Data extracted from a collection
• • •

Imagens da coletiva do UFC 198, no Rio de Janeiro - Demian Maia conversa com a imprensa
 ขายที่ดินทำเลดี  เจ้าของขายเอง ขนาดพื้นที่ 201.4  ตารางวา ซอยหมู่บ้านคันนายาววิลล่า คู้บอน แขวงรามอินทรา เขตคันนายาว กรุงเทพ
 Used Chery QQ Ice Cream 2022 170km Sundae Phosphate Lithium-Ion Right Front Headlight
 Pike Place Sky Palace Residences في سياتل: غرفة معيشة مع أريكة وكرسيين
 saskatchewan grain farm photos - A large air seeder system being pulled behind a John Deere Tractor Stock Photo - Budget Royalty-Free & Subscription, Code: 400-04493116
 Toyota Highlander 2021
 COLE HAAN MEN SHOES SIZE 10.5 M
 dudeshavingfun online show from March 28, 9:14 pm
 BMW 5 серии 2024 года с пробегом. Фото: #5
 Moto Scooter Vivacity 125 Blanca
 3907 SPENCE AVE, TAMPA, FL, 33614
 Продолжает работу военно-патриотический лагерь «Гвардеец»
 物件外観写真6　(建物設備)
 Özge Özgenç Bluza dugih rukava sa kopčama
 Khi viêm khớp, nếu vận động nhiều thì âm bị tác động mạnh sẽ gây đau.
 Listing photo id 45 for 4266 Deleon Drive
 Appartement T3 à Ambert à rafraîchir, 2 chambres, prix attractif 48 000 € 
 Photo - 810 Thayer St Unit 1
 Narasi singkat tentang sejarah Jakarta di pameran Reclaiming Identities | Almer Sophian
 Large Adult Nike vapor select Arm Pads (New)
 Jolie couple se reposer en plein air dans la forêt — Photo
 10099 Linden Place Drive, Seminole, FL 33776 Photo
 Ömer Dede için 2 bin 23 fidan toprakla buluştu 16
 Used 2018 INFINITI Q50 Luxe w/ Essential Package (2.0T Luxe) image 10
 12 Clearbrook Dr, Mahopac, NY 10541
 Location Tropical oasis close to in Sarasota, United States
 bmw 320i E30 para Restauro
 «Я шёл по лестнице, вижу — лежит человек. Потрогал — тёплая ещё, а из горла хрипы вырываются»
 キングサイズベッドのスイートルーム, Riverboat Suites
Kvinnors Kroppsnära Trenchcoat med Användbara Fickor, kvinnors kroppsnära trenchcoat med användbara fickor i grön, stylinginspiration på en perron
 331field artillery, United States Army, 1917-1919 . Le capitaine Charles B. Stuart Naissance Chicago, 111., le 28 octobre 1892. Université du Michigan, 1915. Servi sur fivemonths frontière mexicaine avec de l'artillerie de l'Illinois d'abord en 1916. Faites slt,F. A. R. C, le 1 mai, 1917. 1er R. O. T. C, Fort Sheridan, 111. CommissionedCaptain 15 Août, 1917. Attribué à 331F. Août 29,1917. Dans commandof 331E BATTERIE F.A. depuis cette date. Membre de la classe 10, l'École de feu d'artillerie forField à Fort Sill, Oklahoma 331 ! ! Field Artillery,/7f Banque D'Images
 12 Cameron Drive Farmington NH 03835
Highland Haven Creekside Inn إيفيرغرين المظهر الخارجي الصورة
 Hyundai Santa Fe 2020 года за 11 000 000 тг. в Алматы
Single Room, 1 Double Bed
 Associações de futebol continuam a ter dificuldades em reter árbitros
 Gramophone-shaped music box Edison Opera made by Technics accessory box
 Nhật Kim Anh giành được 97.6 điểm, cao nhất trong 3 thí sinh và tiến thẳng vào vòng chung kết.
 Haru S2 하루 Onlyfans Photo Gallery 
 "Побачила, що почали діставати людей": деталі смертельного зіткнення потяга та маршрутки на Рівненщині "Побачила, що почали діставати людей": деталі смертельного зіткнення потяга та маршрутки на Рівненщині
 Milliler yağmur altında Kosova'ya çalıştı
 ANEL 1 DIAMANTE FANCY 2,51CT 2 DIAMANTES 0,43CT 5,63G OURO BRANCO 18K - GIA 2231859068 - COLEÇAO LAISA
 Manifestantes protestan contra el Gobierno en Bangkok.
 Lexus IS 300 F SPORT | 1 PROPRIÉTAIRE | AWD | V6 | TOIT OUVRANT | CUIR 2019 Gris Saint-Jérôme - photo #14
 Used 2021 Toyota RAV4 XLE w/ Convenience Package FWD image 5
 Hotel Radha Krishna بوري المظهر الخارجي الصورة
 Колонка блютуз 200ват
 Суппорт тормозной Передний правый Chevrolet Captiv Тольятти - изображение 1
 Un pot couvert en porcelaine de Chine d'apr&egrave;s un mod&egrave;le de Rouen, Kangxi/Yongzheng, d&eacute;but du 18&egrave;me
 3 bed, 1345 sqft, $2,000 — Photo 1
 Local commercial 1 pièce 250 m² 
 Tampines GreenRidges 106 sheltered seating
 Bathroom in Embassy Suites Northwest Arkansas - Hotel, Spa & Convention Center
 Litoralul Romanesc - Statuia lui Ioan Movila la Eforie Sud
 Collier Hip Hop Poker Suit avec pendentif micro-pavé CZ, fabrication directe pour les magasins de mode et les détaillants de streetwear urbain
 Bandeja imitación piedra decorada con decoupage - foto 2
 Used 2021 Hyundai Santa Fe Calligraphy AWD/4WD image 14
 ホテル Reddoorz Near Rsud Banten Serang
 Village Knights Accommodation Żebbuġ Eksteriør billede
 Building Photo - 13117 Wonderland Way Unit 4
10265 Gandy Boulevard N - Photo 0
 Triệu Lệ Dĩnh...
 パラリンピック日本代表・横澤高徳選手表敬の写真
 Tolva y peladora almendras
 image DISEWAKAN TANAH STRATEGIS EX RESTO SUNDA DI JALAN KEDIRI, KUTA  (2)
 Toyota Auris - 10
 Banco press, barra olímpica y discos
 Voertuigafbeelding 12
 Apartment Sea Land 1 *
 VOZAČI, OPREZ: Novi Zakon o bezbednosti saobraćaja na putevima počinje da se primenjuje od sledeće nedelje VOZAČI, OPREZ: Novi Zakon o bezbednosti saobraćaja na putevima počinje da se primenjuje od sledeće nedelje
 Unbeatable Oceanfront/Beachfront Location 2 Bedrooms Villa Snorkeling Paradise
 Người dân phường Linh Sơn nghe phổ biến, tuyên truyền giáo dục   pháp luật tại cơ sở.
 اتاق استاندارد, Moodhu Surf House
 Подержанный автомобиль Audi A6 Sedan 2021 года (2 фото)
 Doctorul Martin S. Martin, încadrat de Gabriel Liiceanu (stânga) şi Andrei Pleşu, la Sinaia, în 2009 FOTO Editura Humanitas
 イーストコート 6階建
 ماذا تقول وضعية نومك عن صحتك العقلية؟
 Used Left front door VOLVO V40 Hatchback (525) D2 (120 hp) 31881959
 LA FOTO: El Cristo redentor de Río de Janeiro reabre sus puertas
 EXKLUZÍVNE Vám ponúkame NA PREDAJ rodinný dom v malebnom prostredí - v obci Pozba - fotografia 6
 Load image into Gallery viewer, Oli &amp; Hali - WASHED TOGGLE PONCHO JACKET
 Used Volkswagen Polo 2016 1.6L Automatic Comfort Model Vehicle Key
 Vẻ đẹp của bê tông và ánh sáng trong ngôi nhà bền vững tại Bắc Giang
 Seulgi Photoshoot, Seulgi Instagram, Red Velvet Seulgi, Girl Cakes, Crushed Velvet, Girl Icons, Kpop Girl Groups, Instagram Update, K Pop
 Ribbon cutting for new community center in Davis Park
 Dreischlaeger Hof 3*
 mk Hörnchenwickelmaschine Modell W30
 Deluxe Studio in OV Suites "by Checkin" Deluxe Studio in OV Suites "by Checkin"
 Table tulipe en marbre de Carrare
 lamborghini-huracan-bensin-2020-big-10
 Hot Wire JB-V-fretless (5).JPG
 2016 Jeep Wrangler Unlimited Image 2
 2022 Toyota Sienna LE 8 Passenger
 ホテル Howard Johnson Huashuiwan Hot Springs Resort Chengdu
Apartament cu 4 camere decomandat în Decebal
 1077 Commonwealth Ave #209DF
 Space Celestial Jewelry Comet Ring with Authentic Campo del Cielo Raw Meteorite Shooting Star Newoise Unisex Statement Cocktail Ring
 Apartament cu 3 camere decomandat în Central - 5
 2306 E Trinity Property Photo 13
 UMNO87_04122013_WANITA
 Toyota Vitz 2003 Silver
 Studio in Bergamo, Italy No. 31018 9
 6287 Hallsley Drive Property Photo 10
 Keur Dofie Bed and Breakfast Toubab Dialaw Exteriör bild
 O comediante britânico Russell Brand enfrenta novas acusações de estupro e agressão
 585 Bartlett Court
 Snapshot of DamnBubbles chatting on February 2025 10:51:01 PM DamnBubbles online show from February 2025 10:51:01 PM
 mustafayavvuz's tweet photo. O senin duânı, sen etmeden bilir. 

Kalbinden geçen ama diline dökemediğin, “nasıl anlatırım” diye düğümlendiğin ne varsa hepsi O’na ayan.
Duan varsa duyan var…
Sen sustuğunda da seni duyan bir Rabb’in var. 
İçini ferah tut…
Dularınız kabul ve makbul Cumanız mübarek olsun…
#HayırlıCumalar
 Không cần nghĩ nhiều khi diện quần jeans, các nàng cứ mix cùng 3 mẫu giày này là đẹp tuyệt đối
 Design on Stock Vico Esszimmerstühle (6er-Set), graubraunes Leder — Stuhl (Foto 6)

• • •

→ ACTIVITY
An exact copy of the lines above, from the one containing "Used Left front" through the one containing "2016 Jeep Wrangler Unlimited Image 2", is the whole of the answer.

→ RESPONSE AREA
 Used Left front door VOLVO V40 Hatchback (525) D2 (120 hp) 31881959
 LA FOTO: El Cristo redentor de Río de Janeiro reabre sus puertas
 EXKLUZÍVNE Vám ponúkame NA PREDAJ rodinný dom v malebnom prostredí - v obci Pozba - fotografia 6
 Load image into Gallery viewer, Oli &amp; Hali - WASHED TOGGLE PONCHO JACKET
 Used Volkswagen Polo 2016 1.6L Automatic Comfort Model Vehicle Key
 Vẻ đẹp của bê tông và ánh sáng trong ngôi nhà bền vững tại Bắc Giang
 Seulgi Photoshoot, Seulgi Instagram, Red Velvet Seulgi, Girl Cakes, Crushed Velvet, Girl Icons, Kpop Girl Groups, Instagram Update, K Pop
 Ribbon cutting for new community center in Davis Park
 Dreischlaeger Hof 3*
 mk Hörnchenwickelmaschine Modell W30
 Deluxe Studio in OV Suites "by Checkin" Deluxe Studio in OV Suites "by Checkin"
 Table tulipe en marbre de Carrare
 lamborghini-huracan-bensin-2020-big-10
 Hot Wire JB-V-fretless (5).JPG
 2016 Jeep Wrangler Unlimited Image 2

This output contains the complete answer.